13

1.1K 210 14
                                    

Menyadari pergerakan kecil dari Abigail, Riki beranjak mendekat ke brankar yang ditiduri perempuan itu. Netranya menatap lurus ke Abigail yang masih sibuk mengerjap, menyesuaikan pandangannya dengan cahaya setelah berjam-jam terpejam.

"Kak,"

Abigail meresponnya dengan lenguhan kecil sambil menatap sekitar "Ini..."

"Di rumah sakit, kak. Kak Abi pingsan semalem, inget kan?"

Mengangguk sebentar, Abigail kembali mengernyit "Tapi kok, malah kamu yang disini? Juan..?"

"Juan ada. Tapi sekarang lagi ke stasiun. Makanya aku disini dulu buat jagain kakak"

"Stasiun? Ngapain dia kesana?"

"Jemput kakaknya kakak katanya"

"Hah?"

"Juan jemput kakaknya, kakak Kak Abi juga. Paham kan?" jelas Riki yang hanya dibalas anggukan singkat. Wajar aja karena Abigail kan baru sadar, makanya masih agak linglung. Dan muka linglung Abigail itu, entah kenapa kelihatan lucu banget dimata Riki.

Sambil menahan senyum, Riki meraih segelas air diatas nakas lalu menyodorkannya ke Abigail. Menitah perempuan itu untuk membasahi tenggorokannya. Setelahnya Riki pamit sebentar buat manggil dokter, yang lagi-lagi diangguki Abigail.

Kira-kira sepuluh menit lamanya dokter memeriksa kondisi Abigail. Begitu dokter keluar, Riki berganti masuk. Abigail terlihat memperhatikan setiap pergerakannya.

"Masih sakit, kak?"

"Hah?
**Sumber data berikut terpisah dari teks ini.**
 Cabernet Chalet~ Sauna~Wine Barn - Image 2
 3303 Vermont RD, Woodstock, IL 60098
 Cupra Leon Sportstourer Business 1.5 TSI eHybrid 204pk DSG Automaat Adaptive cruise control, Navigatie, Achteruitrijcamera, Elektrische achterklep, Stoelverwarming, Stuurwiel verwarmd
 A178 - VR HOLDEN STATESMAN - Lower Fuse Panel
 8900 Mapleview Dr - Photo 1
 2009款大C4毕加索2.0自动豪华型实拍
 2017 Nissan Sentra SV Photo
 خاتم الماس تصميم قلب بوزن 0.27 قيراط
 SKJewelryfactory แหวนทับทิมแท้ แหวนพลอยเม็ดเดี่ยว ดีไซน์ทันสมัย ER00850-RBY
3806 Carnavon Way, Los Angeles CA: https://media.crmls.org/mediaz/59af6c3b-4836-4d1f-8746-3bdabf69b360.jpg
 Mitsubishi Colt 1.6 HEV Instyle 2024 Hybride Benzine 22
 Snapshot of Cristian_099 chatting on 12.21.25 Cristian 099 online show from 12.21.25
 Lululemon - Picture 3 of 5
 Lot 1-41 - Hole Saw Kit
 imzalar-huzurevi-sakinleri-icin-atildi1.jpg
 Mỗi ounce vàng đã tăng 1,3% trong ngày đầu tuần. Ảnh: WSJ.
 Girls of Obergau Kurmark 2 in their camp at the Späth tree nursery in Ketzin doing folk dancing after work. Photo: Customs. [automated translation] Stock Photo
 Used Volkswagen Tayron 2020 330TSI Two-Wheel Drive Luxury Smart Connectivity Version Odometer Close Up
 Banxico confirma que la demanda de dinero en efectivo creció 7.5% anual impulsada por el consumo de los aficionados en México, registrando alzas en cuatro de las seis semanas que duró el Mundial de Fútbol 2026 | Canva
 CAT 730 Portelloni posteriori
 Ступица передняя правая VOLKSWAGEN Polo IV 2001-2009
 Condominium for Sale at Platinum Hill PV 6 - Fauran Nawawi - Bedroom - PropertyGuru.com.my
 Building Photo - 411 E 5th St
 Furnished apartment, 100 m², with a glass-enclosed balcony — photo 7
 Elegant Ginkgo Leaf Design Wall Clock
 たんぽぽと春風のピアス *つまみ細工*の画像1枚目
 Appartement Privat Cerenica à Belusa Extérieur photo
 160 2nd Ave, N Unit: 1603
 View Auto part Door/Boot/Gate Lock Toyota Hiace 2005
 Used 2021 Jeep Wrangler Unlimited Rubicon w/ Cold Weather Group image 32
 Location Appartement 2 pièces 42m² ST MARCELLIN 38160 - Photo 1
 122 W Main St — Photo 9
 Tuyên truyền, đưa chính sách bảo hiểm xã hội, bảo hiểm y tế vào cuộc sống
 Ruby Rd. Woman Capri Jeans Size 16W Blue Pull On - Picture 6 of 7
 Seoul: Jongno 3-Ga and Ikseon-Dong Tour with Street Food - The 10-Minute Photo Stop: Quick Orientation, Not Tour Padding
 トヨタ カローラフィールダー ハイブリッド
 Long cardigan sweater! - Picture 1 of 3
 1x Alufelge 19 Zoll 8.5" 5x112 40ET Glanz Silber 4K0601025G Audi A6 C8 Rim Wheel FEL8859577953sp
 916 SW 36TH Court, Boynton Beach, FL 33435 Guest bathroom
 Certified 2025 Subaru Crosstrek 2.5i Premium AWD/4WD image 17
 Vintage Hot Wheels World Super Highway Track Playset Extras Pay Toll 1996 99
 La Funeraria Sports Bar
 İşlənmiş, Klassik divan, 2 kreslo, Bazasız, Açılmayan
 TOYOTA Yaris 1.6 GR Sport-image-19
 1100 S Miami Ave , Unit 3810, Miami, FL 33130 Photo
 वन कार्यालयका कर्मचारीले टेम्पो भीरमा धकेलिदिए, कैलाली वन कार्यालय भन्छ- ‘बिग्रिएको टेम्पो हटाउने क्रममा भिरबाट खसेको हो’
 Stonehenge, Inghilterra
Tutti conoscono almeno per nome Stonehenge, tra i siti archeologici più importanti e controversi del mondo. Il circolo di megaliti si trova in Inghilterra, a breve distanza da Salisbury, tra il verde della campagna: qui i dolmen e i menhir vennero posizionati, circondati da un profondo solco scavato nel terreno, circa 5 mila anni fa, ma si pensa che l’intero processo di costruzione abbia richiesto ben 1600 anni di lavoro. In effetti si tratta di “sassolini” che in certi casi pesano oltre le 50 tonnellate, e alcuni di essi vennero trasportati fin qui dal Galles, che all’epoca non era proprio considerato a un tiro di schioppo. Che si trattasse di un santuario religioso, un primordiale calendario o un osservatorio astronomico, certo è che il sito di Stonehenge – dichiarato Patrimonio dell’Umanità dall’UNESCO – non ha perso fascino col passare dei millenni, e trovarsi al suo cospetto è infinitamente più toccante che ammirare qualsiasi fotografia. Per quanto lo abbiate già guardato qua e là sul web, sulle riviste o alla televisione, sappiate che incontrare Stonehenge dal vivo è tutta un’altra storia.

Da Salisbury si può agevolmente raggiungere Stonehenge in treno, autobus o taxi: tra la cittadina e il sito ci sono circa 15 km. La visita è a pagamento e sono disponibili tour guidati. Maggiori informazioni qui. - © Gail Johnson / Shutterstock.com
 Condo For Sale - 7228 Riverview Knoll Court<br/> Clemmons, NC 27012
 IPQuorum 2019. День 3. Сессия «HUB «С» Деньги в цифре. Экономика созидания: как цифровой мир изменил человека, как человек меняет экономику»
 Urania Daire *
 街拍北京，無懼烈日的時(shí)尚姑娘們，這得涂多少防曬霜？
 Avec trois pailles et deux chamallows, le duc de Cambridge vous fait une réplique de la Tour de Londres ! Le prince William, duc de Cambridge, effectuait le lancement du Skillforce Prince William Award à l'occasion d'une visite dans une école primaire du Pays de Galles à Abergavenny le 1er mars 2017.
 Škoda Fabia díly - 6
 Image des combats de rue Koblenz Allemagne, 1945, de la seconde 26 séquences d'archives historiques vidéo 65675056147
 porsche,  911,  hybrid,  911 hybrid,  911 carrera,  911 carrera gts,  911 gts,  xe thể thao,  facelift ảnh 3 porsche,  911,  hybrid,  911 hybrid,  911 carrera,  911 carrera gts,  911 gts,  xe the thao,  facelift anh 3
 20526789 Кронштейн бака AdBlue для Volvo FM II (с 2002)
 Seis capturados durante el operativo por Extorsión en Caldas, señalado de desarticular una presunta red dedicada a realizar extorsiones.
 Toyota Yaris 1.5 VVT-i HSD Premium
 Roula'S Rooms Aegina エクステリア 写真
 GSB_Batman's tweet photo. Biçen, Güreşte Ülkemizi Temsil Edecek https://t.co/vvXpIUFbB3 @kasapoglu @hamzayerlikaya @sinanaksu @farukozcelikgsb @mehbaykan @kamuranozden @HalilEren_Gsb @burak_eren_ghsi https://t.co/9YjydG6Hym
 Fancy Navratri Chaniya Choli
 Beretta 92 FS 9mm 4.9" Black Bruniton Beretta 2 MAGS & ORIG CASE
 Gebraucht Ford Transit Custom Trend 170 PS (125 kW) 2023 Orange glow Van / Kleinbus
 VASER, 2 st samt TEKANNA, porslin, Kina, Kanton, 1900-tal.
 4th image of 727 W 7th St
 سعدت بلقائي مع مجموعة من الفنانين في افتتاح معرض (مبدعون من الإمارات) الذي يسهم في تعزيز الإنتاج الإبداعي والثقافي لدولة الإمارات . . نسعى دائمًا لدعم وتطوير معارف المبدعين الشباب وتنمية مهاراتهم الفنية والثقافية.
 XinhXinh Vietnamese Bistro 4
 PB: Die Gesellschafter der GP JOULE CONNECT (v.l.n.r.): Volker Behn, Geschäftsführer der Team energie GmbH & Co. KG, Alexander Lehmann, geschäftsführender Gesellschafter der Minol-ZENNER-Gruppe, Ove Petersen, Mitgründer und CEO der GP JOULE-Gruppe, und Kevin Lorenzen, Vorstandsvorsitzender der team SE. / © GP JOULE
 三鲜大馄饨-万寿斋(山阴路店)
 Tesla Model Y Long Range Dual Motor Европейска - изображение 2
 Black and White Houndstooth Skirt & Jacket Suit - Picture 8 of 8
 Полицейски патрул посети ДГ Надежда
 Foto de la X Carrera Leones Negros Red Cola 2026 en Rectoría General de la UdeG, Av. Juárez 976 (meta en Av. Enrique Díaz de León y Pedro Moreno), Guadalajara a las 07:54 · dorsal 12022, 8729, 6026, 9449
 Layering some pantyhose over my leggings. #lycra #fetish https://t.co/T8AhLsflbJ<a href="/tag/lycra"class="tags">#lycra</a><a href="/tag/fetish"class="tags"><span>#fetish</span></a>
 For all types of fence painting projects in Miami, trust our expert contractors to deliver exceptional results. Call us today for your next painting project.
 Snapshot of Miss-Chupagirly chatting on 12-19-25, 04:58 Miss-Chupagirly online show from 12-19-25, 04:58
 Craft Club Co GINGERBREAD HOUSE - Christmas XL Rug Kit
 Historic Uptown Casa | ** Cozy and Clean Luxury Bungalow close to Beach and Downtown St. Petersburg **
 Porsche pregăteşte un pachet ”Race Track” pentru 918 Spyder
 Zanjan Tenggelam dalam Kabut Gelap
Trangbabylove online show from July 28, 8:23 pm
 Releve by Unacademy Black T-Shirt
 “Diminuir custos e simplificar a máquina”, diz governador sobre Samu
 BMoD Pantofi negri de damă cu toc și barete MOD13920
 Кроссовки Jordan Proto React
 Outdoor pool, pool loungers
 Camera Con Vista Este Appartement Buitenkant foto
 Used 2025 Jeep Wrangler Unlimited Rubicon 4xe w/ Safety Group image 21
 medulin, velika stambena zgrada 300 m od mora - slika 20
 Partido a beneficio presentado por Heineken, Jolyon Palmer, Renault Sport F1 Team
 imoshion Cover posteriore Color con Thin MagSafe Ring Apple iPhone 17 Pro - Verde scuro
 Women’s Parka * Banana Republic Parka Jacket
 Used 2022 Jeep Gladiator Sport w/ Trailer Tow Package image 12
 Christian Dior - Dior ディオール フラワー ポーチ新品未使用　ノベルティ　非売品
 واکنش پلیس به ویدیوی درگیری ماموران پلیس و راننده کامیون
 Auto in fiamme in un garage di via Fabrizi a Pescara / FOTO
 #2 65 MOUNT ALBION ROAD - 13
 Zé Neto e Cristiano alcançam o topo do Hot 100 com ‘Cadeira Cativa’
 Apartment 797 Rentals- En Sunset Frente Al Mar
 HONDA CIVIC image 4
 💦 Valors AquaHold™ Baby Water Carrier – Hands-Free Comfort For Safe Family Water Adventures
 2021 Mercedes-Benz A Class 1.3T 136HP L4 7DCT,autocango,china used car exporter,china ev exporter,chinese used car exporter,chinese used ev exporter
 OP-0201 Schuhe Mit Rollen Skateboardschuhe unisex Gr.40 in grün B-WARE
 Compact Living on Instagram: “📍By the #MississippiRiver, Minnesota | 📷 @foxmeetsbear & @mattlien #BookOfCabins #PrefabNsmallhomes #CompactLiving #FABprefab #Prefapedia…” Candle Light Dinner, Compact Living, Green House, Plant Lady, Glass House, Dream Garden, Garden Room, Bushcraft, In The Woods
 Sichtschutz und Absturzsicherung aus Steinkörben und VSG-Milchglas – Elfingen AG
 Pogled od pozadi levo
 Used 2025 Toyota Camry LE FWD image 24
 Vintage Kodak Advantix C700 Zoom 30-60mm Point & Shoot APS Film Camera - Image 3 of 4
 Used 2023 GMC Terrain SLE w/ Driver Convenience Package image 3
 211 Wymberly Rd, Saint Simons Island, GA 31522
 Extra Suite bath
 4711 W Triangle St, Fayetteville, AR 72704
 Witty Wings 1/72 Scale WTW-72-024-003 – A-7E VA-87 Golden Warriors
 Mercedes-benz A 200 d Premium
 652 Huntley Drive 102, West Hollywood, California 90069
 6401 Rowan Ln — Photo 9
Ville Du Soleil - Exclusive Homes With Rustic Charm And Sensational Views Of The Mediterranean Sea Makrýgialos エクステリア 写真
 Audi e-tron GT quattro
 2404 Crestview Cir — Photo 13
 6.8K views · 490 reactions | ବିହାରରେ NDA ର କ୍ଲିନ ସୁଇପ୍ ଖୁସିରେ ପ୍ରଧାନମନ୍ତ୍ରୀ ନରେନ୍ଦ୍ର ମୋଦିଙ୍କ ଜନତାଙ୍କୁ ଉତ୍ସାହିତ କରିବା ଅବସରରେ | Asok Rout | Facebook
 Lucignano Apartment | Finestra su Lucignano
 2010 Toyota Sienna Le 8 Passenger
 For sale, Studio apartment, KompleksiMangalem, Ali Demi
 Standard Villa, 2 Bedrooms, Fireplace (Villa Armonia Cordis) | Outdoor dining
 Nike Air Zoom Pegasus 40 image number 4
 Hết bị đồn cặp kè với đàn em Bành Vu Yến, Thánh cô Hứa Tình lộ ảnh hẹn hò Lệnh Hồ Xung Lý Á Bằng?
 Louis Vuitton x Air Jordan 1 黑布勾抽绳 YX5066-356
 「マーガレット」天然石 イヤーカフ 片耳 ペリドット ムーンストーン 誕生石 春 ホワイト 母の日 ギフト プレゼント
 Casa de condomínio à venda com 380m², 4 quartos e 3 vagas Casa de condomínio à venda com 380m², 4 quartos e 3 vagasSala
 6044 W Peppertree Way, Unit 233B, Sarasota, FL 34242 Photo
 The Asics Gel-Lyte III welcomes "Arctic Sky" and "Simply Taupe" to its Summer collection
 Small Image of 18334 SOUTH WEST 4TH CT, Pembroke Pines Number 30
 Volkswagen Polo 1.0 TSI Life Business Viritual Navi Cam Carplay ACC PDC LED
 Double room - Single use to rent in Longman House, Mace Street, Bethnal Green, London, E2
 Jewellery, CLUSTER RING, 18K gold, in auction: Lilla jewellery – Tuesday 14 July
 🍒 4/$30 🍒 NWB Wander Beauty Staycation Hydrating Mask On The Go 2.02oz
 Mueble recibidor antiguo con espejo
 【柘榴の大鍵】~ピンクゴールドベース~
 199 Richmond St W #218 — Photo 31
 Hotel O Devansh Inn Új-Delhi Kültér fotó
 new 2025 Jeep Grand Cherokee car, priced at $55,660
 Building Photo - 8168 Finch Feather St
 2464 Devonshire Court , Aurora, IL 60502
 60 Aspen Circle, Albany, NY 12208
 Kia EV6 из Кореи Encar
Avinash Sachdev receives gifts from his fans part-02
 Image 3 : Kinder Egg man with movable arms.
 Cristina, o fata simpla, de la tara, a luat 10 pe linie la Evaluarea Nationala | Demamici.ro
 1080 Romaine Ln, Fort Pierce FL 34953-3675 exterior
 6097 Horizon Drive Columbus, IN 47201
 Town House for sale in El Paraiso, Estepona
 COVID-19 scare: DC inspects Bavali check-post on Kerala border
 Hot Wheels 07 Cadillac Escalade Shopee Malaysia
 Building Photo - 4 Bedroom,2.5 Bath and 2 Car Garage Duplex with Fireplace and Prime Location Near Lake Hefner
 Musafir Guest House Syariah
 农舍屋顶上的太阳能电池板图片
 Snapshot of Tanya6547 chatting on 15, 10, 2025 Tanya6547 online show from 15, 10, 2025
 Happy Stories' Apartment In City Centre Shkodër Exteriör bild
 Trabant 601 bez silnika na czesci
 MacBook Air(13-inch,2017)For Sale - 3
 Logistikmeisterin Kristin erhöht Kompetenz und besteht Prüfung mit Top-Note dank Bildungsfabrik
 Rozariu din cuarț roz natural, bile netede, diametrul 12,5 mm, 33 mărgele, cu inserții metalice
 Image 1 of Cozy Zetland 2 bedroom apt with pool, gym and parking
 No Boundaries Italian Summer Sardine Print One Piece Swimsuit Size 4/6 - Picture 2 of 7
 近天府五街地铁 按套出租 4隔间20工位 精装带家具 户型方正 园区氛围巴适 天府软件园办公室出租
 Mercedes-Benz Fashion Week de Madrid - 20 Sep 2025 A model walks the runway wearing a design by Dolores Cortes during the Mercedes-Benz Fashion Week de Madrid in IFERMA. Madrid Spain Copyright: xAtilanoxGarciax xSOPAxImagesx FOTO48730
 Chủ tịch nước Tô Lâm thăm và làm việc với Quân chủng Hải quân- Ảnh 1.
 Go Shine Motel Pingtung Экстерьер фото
Apanya?"

"Yaaa..." Riki melirik ke bawah "perutnya, kak"

Abigail ber-oh "Um, sedikit"

Riki mengangguk-ngangguk sebagai balasan. Dia meraih sebuah kursi, lalu didudukinya tepat disamping ranjang perempuan itu.

"Makan yuk, kak"

"Hah?"

Kali ini, Riki nggak bisa menahan senyumnya. Kurva bibirnya naik begitu aja waktu lihat wajah polos sekaligus bingung Abigail.

"Makan, kak. Kak Abi belum makan kan dari kemarin? Sampe jadi sakit gini"

"Aku makan kok kemarin. Kata siapa aku—–"

"Makan sekali tapi telat?" tebak Riki yang sontak membuat Abigail merapatkan bibir. Tepat sasaran ternyata.

"Sebenernya aku udah curiga mulai dari Kak Abi dateng, muka kakak sepucet itu dan aku yakin Kak Abi lagi nggak baik-baik aja. Dan... bener kan ternyata?"

"Aku tau, Kak Abi pasti lagi sibuk banget akhir-akhir ini. Tapi se-hectic apapun urusan kampus, kakak harus tetep mikirin urusan tubuh Kak Abi sendiri. Terlebih perut"

"Udah sibuk, telat makan, capek, lagi dapet, sekarang tau kan kenapa Kak Abi bisa tumbang dan berakhir disini?"

"Jadi... mau kan, makan?" Riki menggeleng pelan sambil tersenyum kecil "Eh, bukan mau—tapi harus. Iya harus makan. Aku maksa pokoknya"

Belum sempat Abigail merespon, Riki udah lebih dulu meraih remote untuk menaikkan kepala ranjangnya. Sekiranya pas, Riki meraih kedua bahu Abigail, membantu perempuan itu menyamankan posisinya.

"Udah nyaman kan, kak?"

Anggukan kaku dari Abigail sontak membuat Riki tersenyum lebar. Diambilnya semangkuk bubur diatas nakas—jatah dari rumah sakit, setelahnya mengangkat sendok ke arah bibir perempuan itu "Aaaaa"

Abigail mengerjap pelan "A-aku, bisa sendi—" Riki langsung menjauhkan sendoknya begitu tangan Abigail hendak mengambil alih "Kak Abi itu baru sadar, pasti otot-ototnya masih pada lemes. Jadi lebih baik sama aku aja. Nurut ya, kak?"